On 16/11/16 06:29, Roberto De Ioris wrote:
On 15/11/16 09:29, Roberto De Ioris wrote:
Hi there,
We've been having a problem recently where it appears that the
uWSGI
Emperor is restarting all vassals -- or, perhaps is restarting
itself.
Our setup is that on a given web server, all Python code for the
running
vassals is mounted over NFS. Sometimes there are glitches on the
NFS
server, so it stops responding for a minute or so. When it comes
back,
all vassals appear to restart; this puts so much load on the
machine
that it's essentially non-responsive for some time. So what would
be an
outage lasting a couple of minutes (bad) can take up to 20 minutes
to
clear (very, very bad).
Vassals are all configured via .ini files in a specific directory,
so
it
appears that either:
* The emperor is restarting all of its vassals, or
* The emperor is restarting itself, which means it's shutting
down
all
of the existing vassals as it exits, then reading all of the
vassal
files on startup.
Is there something in the emperor that makes it restart either all
vassals or itself when a subset of the vassals stop responding for
some
time?
All the best,
Giles
Hi Roberto,
Hi Giles, do you have emperor logs during the NFS outage ?
I do have the logs, though there's a lot of stuff in there -- is
there
anything I can search for?
Are the vassals files physically in the nfs storage ?
No, the vassal files are on a local filesystem. NFS handles the
source
code and the working directories for the vassals. I believe a number
of
them are using SQLite for storage, so that would definitely lock up
during an NFS outage.
How you mounted the nfs filesystem ? (i mean the options, like sync,
intr
and so on)
The options are nfsvers=3,soft,timeo=100,retry=5,rw,intr
It would be interesting to know if the emperor crashed (and
systemd/upstart/whatever restarted it) or the single instances crashed
and
the emperor restarted them one by one.
Hi Roberto,
Thanks for looking into this!
Now that I look at it, it looks like it must have been the single
vassal instances that were restarted. Working via the system logs:
* syslog shows the NFS outage starting at 18:48:52, ending at
18:49:33; over this period we get messages saying "nfs: server
XXX.XXX.XXX.XXX not responding, timed out"

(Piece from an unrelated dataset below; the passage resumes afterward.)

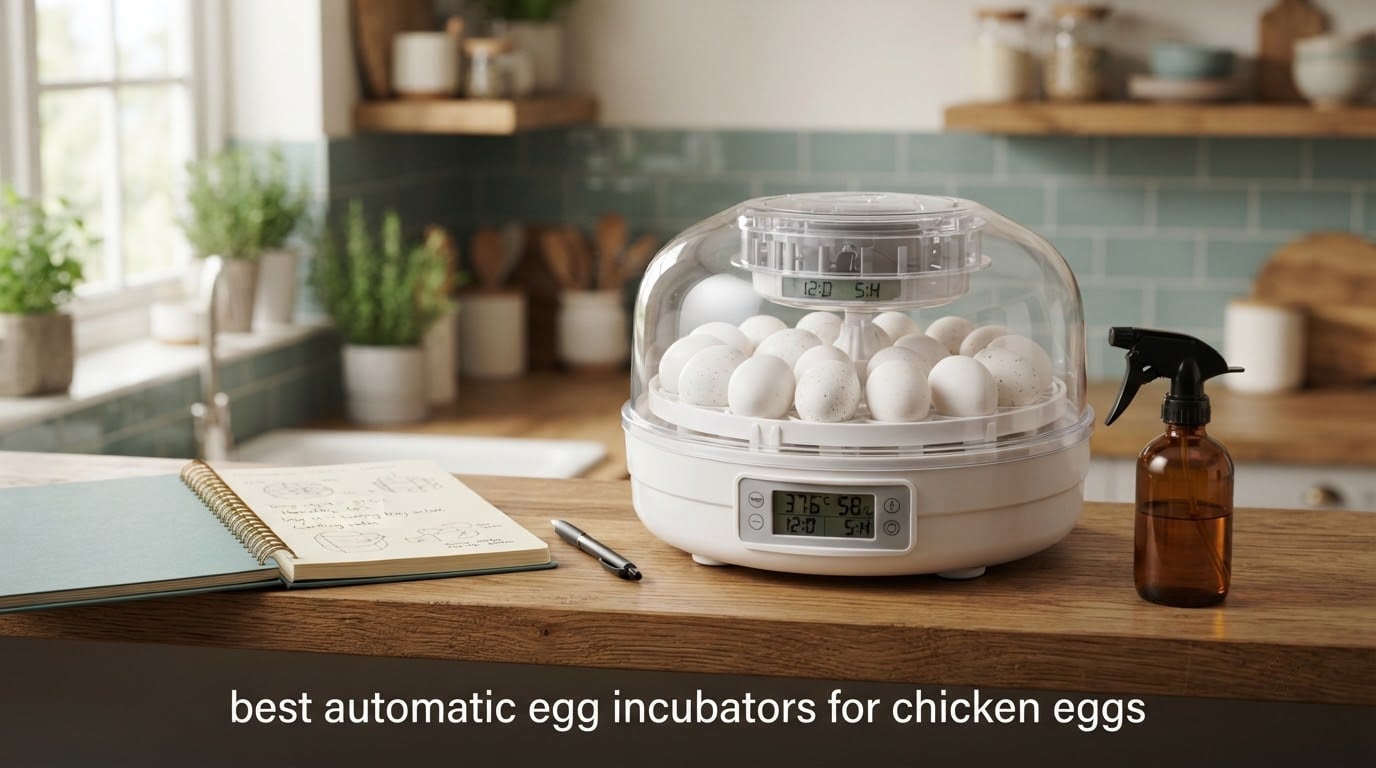 best automatic egg incubators for chicken eggs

* Sometime shortly after, we logged in and found lots of vassals
restarting (load average > 600), so in order to get the server
back online ASAP we rebooted it; syslog shows it started coming
up at 18:53.
* Looking at the upstart logs, there is just one entry in uwsgi.log
saying "[uWSGI] getting INI configuration from
/etc/uwsgi/uwsgi.ini", and the file timestamp is 18:53
From that, it looks like the only time uwsgi started via upstart that
day was as the machine came back from the reboot, so that would
suggest it didn't crash itself -- it was just the vassals. Also, see
my notes about the uwsgi.log below.
From your nfs configuration, after 100 seconds the i/o operation will
be
interrupted, so if lot of users are accessing sqlite this could lead
to a
crash of the single apps.
Maybe -- though I note that the NFS outage was only 41 seconds long,
at least assuming that the messages in syslog started appearing as
soon as the problem occurred (as opposed to, for example, after the
100 second timeout had elapsed).
Maybe you should check the logs of a single
vassals that got rebooted while the nfs outage and check for
segmentation
fault backtrace in the logs.
I don't see any segfaults. However, looking at the logs closely,
what appears to be happening is that every vassal is being shut down,
then restarted. Everything looks fine up until 18:49:33 -- in
particular, there are no messages during the period while NFS was
down (18:48:52 - 18:49:33) and then at that point I see bunch of
vassals being cursed and removed, then restarted -- perhaps 5% of the
vassals on the machine. This stops at 18:49:46. After that, at a
rate of about three a second, I see bits of log like this
(identifying information replaced with placeholders):
2016-11-12 18:50:54 +0000 EMPEROR - [emperor] removed uwsgi
instance www.example.com.ini
*** has_emperor mode detected (fd: 816) ***
[uWSGI] getting INI configuration from www.example.com.ini
[uwsgi-static] added check for /var/www/static
[uwsgi-static] added mapping for /static/ =>
/home/username/directory/examplecode/static/
[log-encoder] registered format www.example.com ${strftime:%F %T}
${msg}
Although I can't be sure, I think that there are enough of these to
say that it probably did that for every vassal for which there was a
.ini file. This triggered the fork-bomb-like effect that we saw.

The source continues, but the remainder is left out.